Drones have revolutionised inspections of hard-to-reach assets such as wind turbines, cell towers and roofs. Hundreds of industries require visual inspections as part of maintenance programs, and drones have several advantages over traditional, manual methods.
Firstly, the risks of using ladders, ropes and scaffolding are eliminated. There are of course health and safety procedures to follow when using drones, but the risks are far less than those associated with having workers access hard-to-access areas. A drone inspection can be far quicker than a manual one, with a drone collecting huge amounts of data in a matter of minutes. The costs of drone inspections are typically far lower than other methods.
Inspections Using Drones
Visual inspections by drone are the most common, but other technology can also be deployed making them even more powerful. Thermal cameras can identify where heat is leaking when inspecting a building. Multispectral sensors are being used in the agricultural sector to help farmers monitor the health of crops. Advanced drones are capable of carrying different types of sensors and cameras for this more specialist work, and the data captured is just the beginning. Sophisticated software using machine learning and AI can analyse the data far more efficiently than a human, saving hundreds of hours.
Some industries have been slower to adopt the use of drone inspection services than others, but it’s now becoming common. The power generation and mining sectors recognised the benefits of increased safety in hazardous locations. Drones are now the go-to tool for surveys of coal-fired boilers, wind turbines, chimneys and heavy machinery used in mining.
Benefits of Using Drones
The range of benefits of using drones means that the whole inspection profession will change over the next few years. The same expertise in analysing and interpreting data will still be needed, but the way the data is captured will be far better. Engineers will still be required to access assets when damage is identified, but the whole process will be far more efficient thanks to inspection drones.
A typical scenario where new technology can improve inspection processes is the maintenance of cell towers. This would have required ladders and scaffolding in the past, with considerable time and expense involved. It can take a day to erect scaffolding and another day to remove it. The actual inspection may be less than an hour. After a risk assessment survey, a drone can be launched in minutes, capture data for the survey and be back on the ground.

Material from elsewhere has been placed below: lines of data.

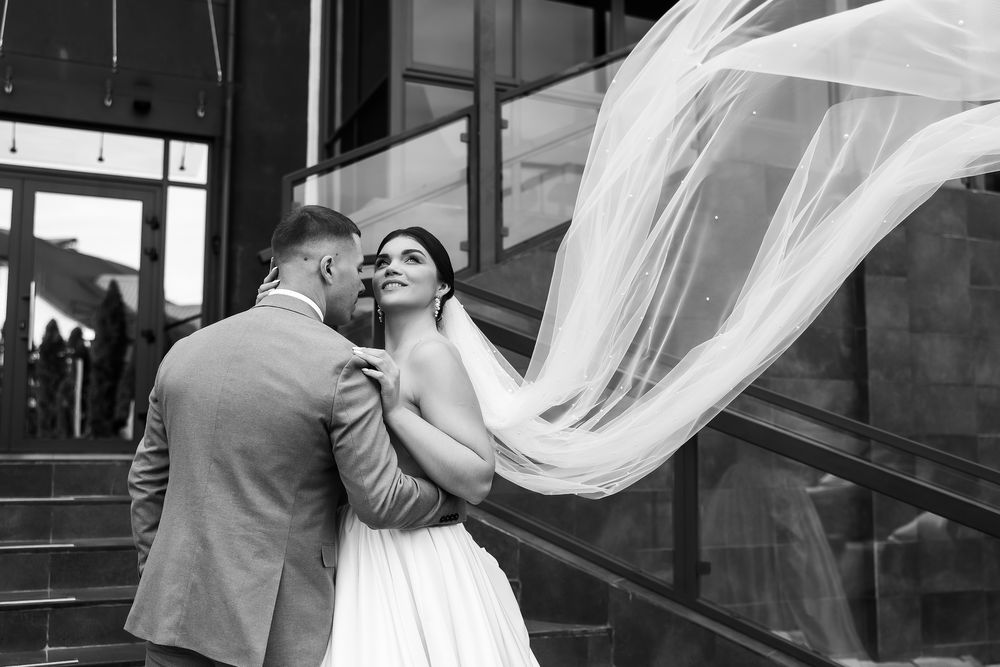 Продам трендову весільну сукню 2025-2026 року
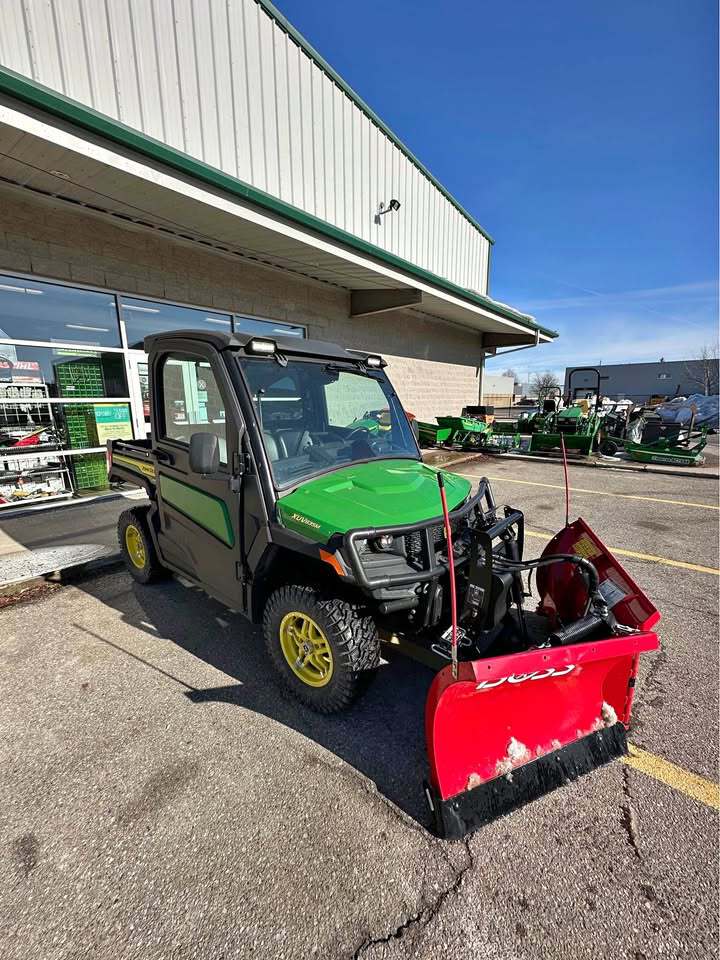 2023 John Deere XUV 835M Image 1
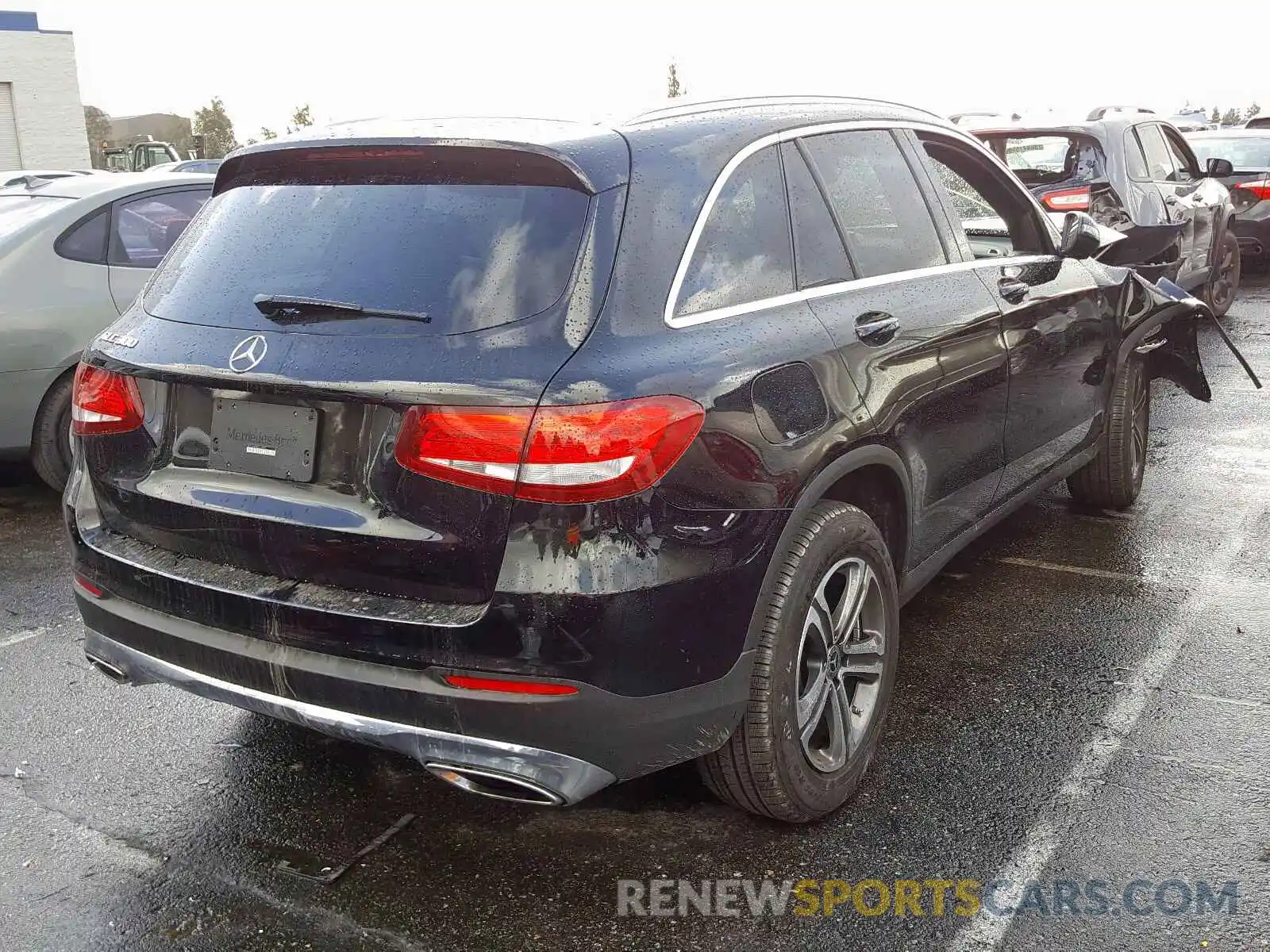 4 Фотография поврежденного автомобиля WDC0G4JB8KV178547 MERCEDES-BENZ GLC 300 2019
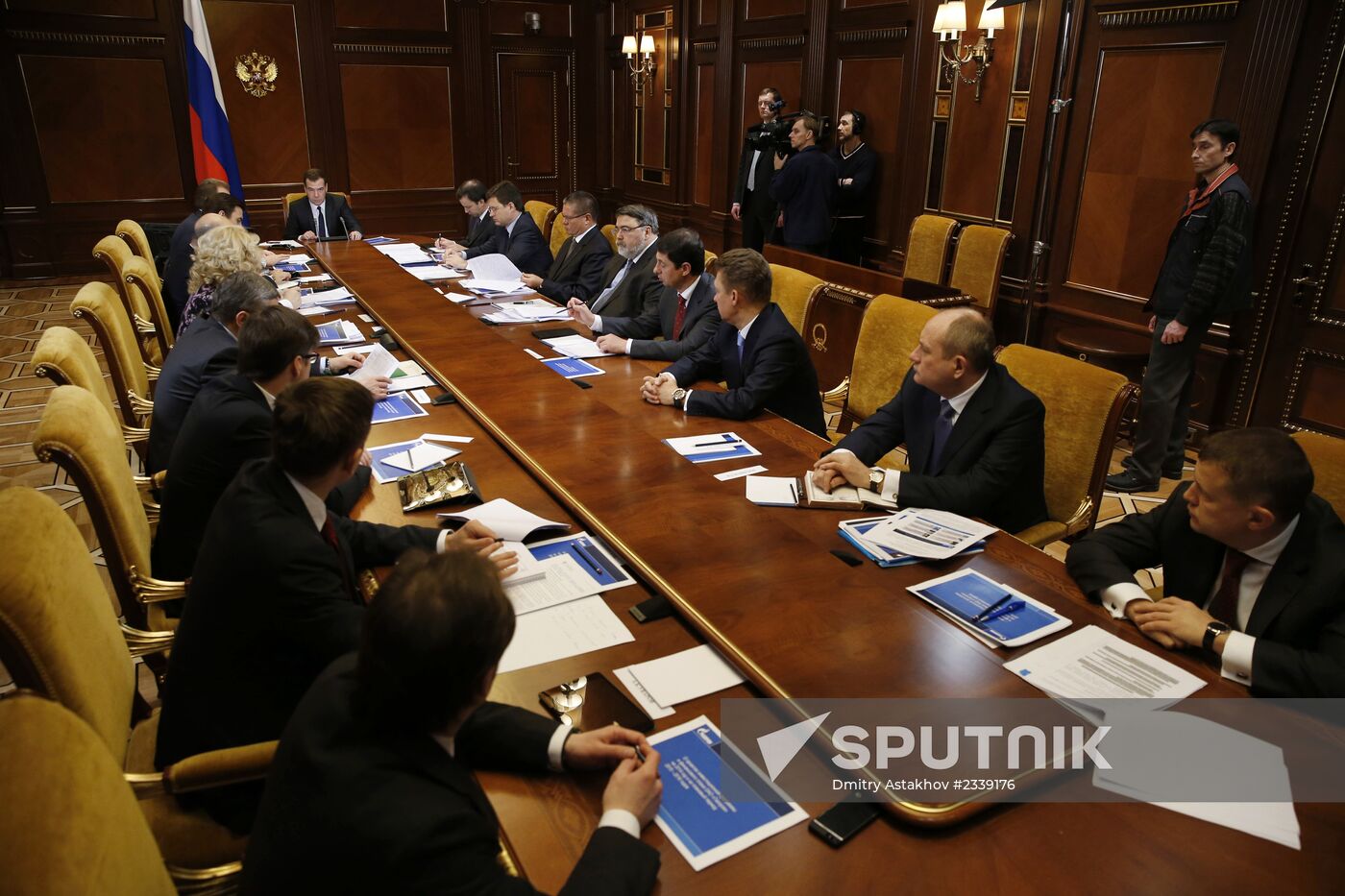 Dmitry Medvedev holds meeting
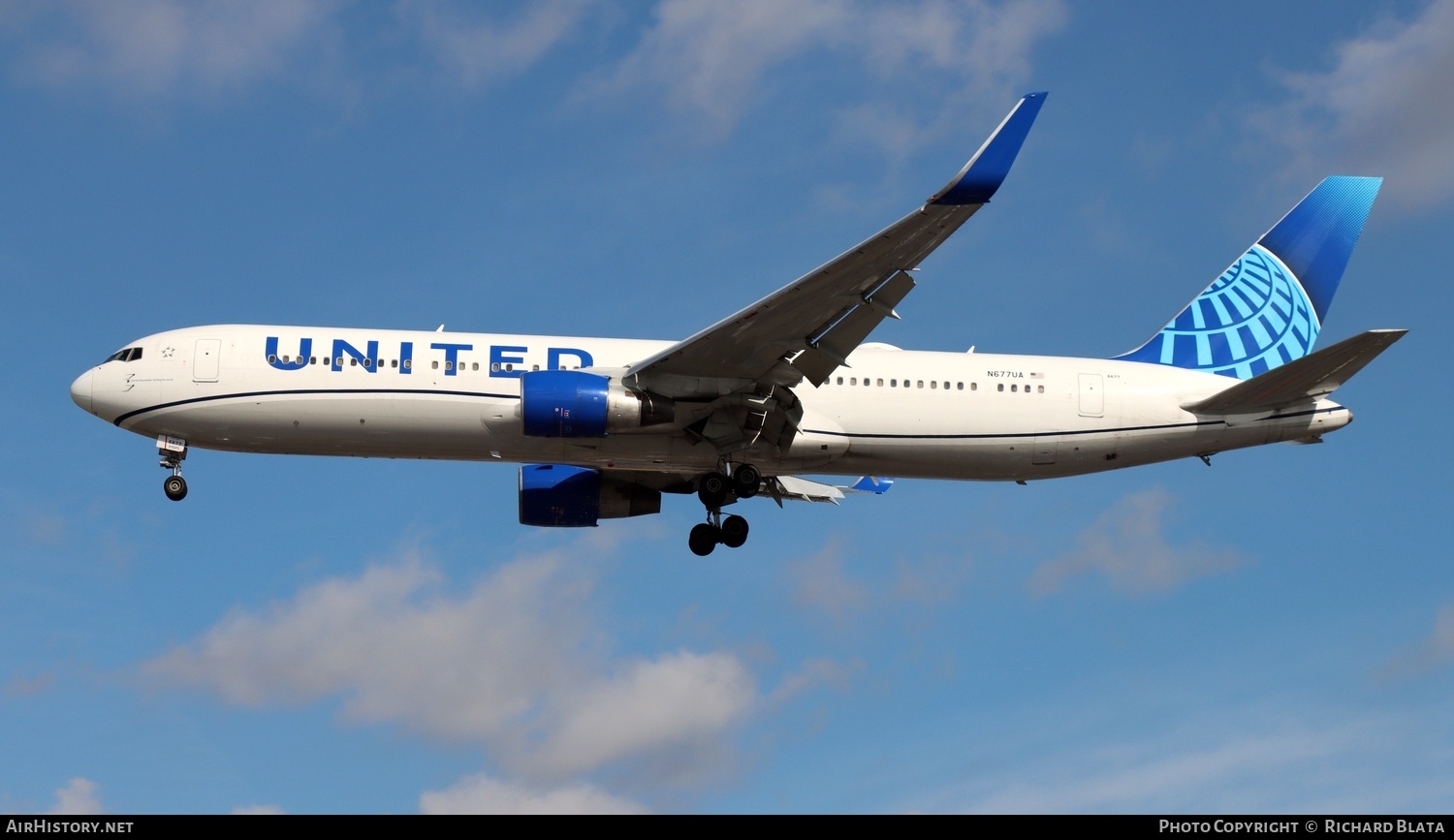 Aircraft Photo of N677UA | Boeing 767-322/ER | United Airlines | AirHistory.net #730622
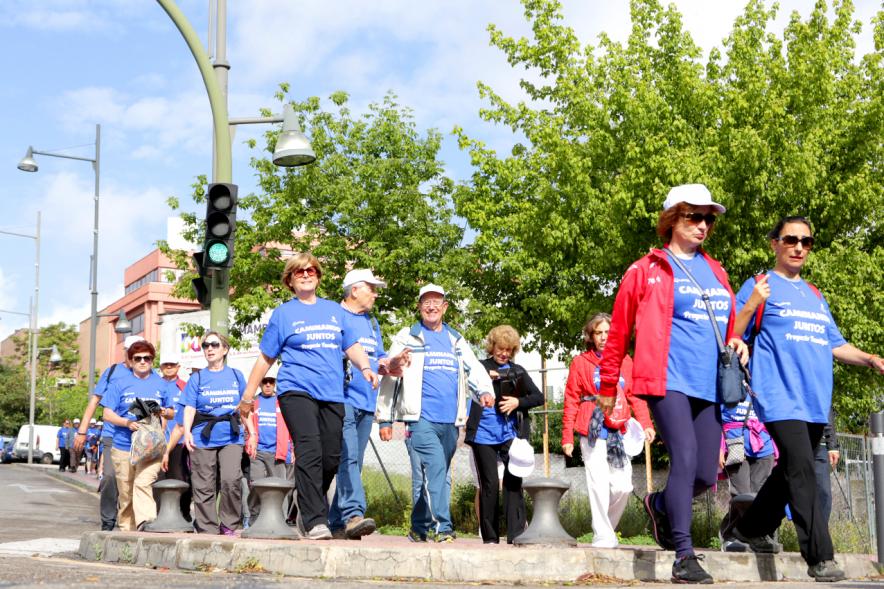 Semana del Mayor 2018 - Marcha Caminando Juntos - Imagen de los participantes en  un momento de la marcha.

As well as the improved safety and reduced time and cost, drone surveys can also produce more accurate data. A meticulous record of the condition of assets over time can be recorded, giving a digital footprint over its life history.
What can a Drone Inspection Reveal
In its simplest form, a drone inspection can give visual evidence of damage in need of attention or the source of a problem. For example, aerial images of a roof can confirm the state of repair and pinpoint problem areas. More in-depth data can be captured using thermal imaging and other specialist camera technology. For larger inspection jobs a 3D model of an asset can be created.